--- DIRECTIONS FOR THIS TASK ---
Somewhere below, one line contains "Makita DP4010" and a later line contains "159 Jennys Lane". Output those two lines and everything between them exactly, and nothing else.
#####
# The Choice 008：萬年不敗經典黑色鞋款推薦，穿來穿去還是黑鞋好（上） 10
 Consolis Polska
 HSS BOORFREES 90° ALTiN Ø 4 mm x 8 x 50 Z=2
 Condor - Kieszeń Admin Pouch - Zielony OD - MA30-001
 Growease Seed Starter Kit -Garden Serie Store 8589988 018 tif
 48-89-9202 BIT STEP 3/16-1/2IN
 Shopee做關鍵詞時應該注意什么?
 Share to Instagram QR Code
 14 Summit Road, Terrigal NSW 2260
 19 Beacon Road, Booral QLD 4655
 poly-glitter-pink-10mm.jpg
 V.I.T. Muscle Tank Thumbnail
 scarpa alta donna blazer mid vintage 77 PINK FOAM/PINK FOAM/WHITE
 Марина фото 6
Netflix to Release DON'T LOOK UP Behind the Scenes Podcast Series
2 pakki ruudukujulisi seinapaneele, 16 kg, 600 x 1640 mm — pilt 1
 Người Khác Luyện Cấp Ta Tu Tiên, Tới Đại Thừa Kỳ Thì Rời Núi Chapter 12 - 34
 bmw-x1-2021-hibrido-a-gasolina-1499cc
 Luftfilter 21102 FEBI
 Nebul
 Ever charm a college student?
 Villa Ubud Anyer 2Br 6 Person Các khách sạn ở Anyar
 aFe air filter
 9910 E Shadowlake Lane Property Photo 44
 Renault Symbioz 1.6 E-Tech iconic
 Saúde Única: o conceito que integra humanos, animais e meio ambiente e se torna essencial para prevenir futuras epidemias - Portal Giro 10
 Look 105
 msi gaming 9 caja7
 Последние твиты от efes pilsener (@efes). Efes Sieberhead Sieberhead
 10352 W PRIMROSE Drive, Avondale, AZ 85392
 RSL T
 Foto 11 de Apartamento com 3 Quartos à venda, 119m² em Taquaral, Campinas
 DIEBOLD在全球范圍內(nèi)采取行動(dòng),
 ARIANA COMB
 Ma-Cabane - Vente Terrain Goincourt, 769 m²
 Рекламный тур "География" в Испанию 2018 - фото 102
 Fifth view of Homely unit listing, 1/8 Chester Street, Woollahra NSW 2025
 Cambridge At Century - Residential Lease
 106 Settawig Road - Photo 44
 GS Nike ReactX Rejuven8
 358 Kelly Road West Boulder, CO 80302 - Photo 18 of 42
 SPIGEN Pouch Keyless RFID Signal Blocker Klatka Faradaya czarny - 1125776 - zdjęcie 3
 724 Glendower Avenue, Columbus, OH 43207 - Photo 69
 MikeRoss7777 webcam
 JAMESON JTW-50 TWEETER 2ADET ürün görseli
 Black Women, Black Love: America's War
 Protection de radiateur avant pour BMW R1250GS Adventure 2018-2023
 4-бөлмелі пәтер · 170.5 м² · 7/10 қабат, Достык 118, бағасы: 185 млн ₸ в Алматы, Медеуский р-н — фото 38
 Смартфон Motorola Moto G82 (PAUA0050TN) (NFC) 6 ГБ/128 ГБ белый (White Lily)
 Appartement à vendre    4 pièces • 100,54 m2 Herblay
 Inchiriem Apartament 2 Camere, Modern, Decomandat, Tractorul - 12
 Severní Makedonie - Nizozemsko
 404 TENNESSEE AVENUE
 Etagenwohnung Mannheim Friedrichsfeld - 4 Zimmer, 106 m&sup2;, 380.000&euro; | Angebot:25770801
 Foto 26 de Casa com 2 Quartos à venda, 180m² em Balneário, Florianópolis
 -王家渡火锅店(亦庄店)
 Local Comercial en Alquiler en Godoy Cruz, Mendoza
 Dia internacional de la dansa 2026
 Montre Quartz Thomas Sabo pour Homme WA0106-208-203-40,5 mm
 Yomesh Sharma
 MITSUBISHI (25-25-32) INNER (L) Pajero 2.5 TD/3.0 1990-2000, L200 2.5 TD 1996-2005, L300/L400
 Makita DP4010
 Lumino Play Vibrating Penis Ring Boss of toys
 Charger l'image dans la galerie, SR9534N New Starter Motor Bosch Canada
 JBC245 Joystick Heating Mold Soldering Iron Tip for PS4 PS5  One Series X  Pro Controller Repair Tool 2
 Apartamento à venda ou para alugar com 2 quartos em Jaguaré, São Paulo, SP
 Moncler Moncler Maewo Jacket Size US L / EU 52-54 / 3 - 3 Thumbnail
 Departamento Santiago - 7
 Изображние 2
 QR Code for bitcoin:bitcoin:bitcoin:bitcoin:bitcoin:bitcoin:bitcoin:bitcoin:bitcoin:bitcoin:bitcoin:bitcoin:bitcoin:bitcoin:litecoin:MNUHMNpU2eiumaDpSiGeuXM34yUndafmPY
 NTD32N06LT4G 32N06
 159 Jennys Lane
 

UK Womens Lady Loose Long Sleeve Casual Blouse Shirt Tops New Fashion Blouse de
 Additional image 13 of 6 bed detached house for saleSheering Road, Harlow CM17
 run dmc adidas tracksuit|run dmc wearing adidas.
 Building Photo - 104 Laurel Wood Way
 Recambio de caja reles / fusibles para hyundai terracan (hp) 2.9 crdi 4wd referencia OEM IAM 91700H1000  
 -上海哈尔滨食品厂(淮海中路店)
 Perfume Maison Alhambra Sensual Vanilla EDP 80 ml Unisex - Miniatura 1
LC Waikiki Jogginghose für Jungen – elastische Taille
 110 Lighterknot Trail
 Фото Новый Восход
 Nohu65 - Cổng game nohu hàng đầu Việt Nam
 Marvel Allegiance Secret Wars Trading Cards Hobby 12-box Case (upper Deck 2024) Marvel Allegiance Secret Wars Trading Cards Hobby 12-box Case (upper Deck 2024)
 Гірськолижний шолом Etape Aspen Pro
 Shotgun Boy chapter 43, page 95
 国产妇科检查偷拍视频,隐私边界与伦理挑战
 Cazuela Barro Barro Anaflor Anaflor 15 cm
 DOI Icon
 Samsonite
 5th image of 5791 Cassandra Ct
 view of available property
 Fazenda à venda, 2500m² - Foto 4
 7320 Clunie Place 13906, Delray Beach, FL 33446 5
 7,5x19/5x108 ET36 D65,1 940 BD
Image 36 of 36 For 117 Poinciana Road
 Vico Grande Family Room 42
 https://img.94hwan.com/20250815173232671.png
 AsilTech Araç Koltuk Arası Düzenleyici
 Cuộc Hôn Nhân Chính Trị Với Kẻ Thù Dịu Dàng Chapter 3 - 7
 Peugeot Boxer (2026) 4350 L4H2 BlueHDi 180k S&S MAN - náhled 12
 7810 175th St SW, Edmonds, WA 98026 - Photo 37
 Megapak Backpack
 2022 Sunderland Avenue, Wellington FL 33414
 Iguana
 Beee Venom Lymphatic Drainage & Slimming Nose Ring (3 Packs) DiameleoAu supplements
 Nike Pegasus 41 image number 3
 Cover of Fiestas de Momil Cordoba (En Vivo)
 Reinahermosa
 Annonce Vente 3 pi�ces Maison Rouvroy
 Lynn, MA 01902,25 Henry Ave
#####
--- RESULT OF THIS TASK ---
 Makita DP4010
 Lumino Play Vibrating Penis Ring Boss of toys
 Charger l'image dans la galerie, SR9534N New Starter Motor Bosch Canada
 JBC245 Joystick Heating Mold Soldering Iron Tip for PS4 PS5  One Series X  Pro Controller Repair Tool 2
 Apartamento à venda ou para alugar com 2 quartos em Jaguaré, São Paulo, SP
 Moncler Moncler Maewo Jacket Size US L / EU 52-54 / 3 - 3 Thumbnail
 Departamento Santiago - 7
 Изображние 2
 QR Code for bitcoin:bitcoin:bitcoin:bitcoin:bitcoin:bitcoin:bitcoin:bitcoin:bitcoin:bitcoin:bitcoin:bitcoin:bitcoin:bitcoin:litecoin:MNUHMNpU2eiumaDpSiGeuXM34yUndafmPY
 NTD32N06LT4G 32N06
 159 Jennys Lane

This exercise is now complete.